Archive for the Tag 'Savannah'

Jul 05 2011

Posted by under July 5 Assignment

New York vs. Savannah

In Savannah and the Low country of Georgia, a legacy of decorative art among African Americans, including carvings, canes, quilts, baskets, furniture, and grave decorations, continued into the early twentieth century. During the 1930s and early 1940s, a period in which regional cultures were emphasized in literature, music, and the arts, the less conventional works of southern, self-taught artists, especially African Americans, were exposed to a wider audience and received greater appreciation. Trained artists in the Savannah area often collected the work of self-taught artists. (http://www.georgiaencyclopedia.org)

Street Scene, Savannah

Margaret Augusta Murphy, the daughter of Savannah artists Lucile Desbouillons and Christopher P. H. Murphy, painted the watercolor Street Scene, Savannah between 1930 and 1940.

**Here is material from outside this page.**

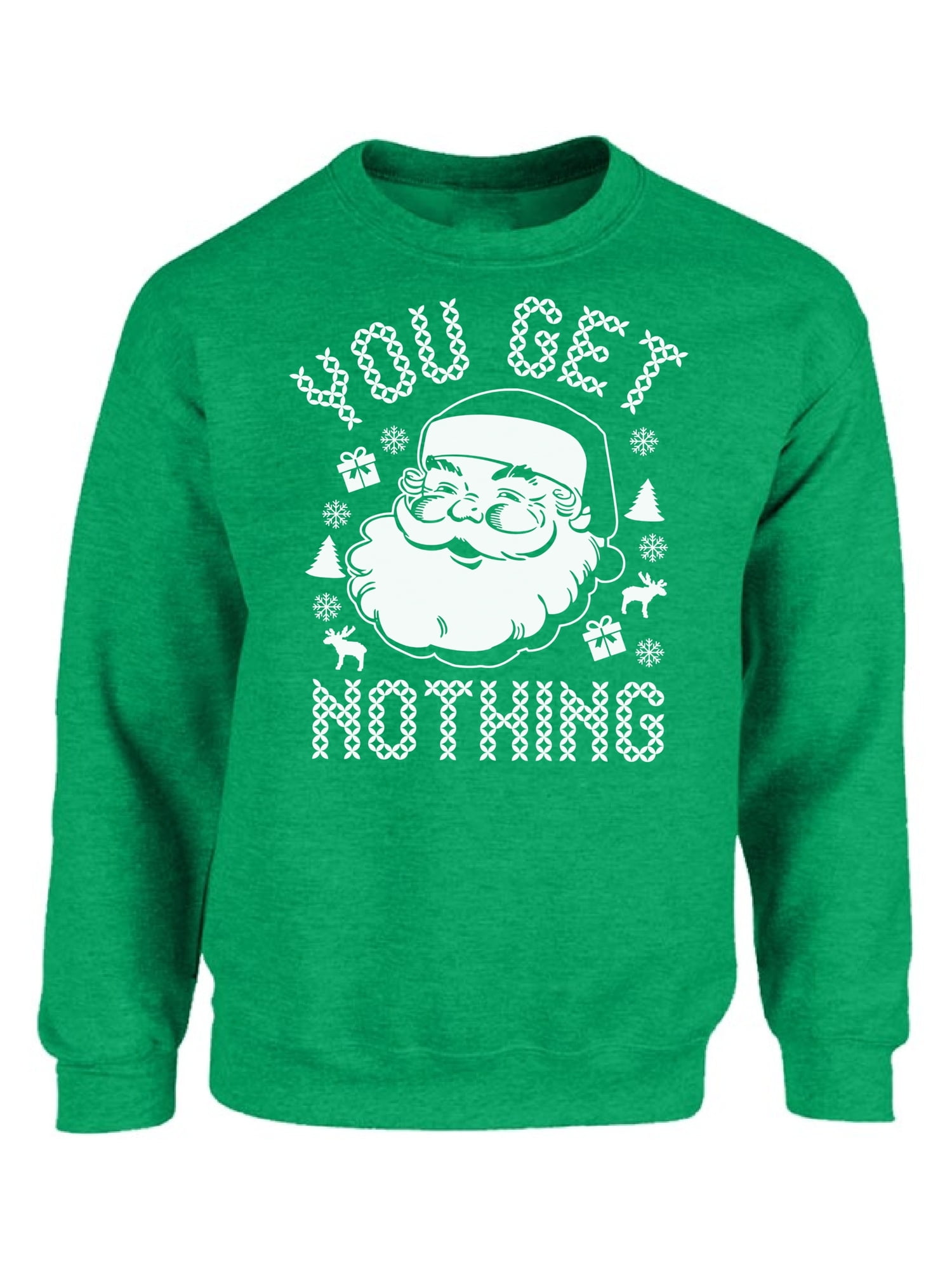 bad walmart christmas sweaters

 By 1914 New York City had become the center of Modernist art. Characteristically, modernist art has a tendency to abstraction, is innovative, aesthetic, futuristic and self-referential. It includes visual art, literature, music, film, design, architecture as well as life style. It reacts against historicism, artistic conventions and institutionalization of art. In this period, art was not only to be dealt with in academies, theaters or concert halls, but to be included in everyday life and accessible for everybody.( http://en.wikipedia.org/wiki/American_modernism)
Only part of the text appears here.